Professional sports are going through a serious local TV upheaval because of how much chord cutting has fundamentally altered the business of TV. If the most lucrative television contracts on planet earth are at risk because 83 percent of Americans say they watch streaming services, versus just 36 percent who say they subscribe to cable or satellite TV at home, what makes these Trump bootlickers so special? Know where people in the markets that Sinclair and Nexstar pre-empted Kimmel can still watch Jimmy Kimmel Live!? On Disney+. On Hulu. On Sling TV. These media giants are not the only game in town anymore, and if they want to play hardball with the mouse, the mouse has a very good hand to play here.

Awful Announcing published a good article about the sports angle to this, where we are one step closer to a world where Sinclair and Nexstar are not awarded the very lucrative college football and NFL games that ABC and Disney control in retaliation for those companies pre-empting other Disney programming. They are allowed to pre-empt Disney programming a certain number of times, but over that limit, they are in violation of their contracts with ABC, and this is where the Disney lawyers put on their superhero capes and haunt people’s dreams. For example, #4 LSU travels to #13 Ole Miss for this weekend’s second biggest college football game on ABC (#6 Oregon at #3 Penn State later that day on NBC/Peacock has game of the year potential written all over it), and the more that Sinclair and Nexstar push Disney, the more Disney’s interests align around withholding big games like LSU at Ole Miss from their affiliates and telling viewers in those markets to bypass Sinclair and Nexstar altogether and watch them in the ESPN app.

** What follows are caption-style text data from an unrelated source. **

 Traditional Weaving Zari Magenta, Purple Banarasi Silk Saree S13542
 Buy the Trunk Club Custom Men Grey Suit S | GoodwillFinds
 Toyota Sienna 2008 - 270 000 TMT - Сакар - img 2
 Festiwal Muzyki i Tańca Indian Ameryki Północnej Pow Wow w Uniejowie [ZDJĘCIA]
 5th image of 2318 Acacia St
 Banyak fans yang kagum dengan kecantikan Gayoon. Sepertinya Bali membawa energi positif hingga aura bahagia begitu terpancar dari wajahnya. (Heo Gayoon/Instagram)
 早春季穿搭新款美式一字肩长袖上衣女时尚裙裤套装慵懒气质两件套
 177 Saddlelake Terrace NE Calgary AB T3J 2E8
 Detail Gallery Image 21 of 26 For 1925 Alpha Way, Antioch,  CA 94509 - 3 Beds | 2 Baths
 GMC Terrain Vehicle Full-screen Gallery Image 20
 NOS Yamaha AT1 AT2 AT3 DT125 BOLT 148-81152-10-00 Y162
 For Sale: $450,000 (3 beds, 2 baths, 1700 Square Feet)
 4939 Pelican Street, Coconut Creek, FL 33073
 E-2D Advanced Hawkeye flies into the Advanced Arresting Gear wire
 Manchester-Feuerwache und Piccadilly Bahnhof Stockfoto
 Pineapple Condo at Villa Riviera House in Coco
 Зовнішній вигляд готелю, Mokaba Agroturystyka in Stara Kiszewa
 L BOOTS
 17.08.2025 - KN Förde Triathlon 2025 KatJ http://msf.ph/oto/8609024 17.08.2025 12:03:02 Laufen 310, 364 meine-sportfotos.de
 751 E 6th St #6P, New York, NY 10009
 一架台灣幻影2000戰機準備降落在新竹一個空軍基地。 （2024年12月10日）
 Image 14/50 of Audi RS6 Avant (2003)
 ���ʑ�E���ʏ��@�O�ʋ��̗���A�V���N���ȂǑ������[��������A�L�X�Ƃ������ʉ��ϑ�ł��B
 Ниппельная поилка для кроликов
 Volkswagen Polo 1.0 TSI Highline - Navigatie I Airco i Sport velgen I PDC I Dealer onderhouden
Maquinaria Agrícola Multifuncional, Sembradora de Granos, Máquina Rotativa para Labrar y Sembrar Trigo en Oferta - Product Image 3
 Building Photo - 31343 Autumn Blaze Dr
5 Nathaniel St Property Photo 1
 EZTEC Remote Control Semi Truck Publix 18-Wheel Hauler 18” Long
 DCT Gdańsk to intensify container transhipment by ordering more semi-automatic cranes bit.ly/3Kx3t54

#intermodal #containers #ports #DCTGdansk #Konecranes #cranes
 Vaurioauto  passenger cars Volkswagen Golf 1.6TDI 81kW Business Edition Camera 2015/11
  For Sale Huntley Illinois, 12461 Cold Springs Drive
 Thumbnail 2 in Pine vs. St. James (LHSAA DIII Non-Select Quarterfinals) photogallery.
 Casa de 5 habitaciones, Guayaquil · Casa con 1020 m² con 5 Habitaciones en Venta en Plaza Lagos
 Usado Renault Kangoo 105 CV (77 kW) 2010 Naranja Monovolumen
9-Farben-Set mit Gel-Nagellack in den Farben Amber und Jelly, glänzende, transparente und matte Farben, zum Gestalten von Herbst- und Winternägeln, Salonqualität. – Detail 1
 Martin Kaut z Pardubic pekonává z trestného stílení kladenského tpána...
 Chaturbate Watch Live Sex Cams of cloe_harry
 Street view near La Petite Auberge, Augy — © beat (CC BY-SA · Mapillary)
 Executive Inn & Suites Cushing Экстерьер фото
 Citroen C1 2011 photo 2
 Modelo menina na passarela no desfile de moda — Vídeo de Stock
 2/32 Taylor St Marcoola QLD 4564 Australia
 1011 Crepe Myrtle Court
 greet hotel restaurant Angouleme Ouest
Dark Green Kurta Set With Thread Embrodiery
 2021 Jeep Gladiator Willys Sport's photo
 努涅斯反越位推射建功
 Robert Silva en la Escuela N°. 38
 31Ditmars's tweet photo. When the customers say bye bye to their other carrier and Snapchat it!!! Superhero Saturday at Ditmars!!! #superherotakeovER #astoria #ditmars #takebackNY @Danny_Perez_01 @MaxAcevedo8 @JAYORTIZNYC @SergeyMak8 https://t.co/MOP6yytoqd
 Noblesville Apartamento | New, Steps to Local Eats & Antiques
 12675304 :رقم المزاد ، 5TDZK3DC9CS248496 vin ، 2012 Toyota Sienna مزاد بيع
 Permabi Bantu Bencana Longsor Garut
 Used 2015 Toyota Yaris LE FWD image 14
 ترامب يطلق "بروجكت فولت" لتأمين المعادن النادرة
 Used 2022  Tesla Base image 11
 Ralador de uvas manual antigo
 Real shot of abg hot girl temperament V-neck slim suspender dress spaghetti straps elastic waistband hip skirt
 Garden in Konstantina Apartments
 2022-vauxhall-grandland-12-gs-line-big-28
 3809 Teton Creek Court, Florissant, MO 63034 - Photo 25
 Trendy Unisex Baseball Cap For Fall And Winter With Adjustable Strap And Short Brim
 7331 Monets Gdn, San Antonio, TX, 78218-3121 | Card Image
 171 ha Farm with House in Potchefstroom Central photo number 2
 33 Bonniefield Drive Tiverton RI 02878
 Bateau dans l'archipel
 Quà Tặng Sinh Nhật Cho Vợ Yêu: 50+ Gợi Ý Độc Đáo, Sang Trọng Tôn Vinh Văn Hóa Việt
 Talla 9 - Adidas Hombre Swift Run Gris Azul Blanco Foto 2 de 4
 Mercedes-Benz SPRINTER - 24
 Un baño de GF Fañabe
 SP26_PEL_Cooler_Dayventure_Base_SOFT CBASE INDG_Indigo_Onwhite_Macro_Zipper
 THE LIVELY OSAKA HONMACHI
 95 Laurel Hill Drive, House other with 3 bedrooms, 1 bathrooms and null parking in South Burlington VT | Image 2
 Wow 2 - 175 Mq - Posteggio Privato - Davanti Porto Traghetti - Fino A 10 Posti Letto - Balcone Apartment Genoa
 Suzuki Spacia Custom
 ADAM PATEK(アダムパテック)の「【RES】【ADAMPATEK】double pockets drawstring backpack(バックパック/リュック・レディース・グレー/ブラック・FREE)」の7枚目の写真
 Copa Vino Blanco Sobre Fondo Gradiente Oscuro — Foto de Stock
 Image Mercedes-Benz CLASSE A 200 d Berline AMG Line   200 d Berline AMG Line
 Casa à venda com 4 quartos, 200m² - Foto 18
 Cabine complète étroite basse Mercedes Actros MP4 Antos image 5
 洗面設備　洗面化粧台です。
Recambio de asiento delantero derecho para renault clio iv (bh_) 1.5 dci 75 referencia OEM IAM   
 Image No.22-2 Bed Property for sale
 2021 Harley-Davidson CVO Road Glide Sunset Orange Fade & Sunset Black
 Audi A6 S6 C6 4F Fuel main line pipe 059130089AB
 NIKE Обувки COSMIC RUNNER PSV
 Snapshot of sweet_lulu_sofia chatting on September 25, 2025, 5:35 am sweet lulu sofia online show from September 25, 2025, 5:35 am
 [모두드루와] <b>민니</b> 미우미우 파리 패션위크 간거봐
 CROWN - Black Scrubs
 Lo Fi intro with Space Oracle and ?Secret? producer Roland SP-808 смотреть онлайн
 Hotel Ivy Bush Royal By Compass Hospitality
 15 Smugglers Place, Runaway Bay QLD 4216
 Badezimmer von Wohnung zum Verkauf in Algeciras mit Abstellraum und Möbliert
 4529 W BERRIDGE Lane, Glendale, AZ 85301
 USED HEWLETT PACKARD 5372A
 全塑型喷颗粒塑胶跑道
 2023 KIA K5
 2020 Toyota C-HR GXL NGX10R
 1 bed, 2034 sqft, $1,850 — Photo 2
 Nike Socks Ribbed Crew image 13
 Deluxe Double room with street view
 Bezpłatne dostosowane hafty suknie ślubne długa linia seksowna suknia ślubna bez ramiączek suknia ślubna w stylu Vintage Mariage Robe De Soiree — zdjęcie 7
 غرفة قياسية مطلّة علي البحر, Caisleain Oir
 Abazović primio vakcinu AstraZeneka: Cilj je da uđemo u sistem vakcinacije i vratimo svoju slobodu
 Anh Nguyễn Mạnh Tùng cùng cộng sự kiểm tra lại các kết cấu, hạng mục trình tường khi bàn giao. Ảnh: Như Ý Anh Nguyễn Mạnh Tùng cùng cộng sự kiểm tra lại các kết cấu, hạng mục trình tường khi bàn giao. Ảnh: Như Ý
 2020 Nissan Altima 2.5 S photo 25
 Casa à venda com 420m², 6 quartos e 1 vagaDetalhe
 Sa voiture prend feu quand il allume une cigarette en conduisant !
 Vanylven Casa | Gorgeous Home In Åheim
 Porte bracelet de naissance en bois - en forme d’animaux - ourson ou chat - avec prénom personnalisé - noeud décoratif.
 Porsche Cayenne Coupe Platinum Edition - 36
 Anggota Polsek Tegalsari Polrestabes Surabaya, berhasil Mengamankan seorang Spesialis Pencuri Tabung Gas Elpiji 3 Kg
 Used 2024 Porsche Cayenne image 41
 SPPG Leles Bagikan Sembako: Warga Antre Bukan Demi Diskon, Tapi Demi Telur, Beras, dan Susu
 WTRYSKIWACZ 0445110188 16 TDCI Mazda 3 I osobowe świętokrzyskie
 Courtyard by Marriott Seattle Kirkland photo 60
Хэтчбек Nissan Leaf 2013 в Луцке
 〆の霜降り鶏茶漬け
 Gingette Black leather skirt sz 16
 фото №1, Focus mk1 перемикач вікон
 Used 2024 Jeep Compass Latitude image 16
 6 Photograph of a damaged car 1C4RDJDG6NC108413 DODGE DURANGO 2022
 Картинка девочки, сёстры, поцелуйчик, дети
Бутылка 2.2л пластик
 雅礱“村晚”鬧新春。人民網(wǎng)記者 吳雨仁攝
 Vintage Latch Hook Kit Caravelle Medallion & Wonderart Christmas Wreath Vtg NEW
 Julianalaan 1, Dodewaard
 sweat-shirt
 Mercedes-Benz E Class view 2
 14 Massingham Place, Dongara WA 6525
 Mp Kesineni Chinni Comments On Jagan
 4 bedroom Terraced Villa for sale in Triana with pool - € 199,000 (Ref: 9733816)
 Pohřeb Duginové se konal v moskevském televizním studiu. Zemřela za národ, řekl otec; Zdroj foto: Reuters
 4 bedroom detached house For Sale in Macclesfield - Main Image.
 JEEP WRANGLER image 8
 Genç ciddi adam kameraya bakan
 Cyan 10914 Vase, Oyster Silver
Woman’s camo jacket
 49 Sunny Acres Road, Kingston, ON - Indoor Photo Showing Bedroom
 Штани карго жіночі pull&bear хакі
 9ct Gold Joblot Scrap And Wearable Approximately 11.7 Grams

We are in the very early days of this squabble, so perhaps this is just a token gesture from Sinclair and Nexstar to Brendan Carr of how much they tacitly agree with Trump’s authoritarianism in hopes they can avoid the FCC’s ire before they return to their contractual obligations with Disney. But if this saga endures, each day becomes more dangerous than the last for Nexstar and Sinclair. At the very least, what the last 24 hours have proven is that Disney cannot always trust its business partners to do what Disney wants them to do. With so much programming moving to streaming already, especially with sports, there exists a tipping point where Disney concludes that it’s better to push their so-called business partners out of their business, and either absorb it themselves or get a less intransigent local station owner in place. If there is one thing that history has taught us, it’s that you do not fuck with the mouse’s money and get away with it.

Awful Announcing believes that Sinclair could likely benefit in the short-term should Disney pull games like LSU at Ole Miss off their affiliates, because Sinclair and Nexstar customers could still watch it on these streaming services, but that just further incentivizes Disney to do what they want to do long-term and conquer the whole world through their streaming platforms. In their ideal scenario, there is no Nexstar or Sinclair (or Peacock or Prime or Netflix, etc…), and everyone watches their programming directly through properties they own like Disney+, Hulu and FuboTV.

What Sinclair and Nexstar are doing right now is emblematic of the broader short-term focus from corporate America that led to the downfall of the American empire as we know it. In a world where major executive compensation is rooted in the stock market, the only incentive has become to boost tomorrow’s stock price. This has led to a short-term corporate focus that is antithetical to everything I was taught in finance school about sober analysis and ten-year planning. Nexstar and Sinclair are currently doing the equivalent of selling physical newspapers in 1997 while betting that Trump can reverse the endless march of time. The chord-cutting phenomenon has long trended against their chord-based businesses, and they are threatening to accelerate it, seemingly in the hopes that dear leader Trump can save them from the inevitable global takeover that Disney has been plotting for the last century.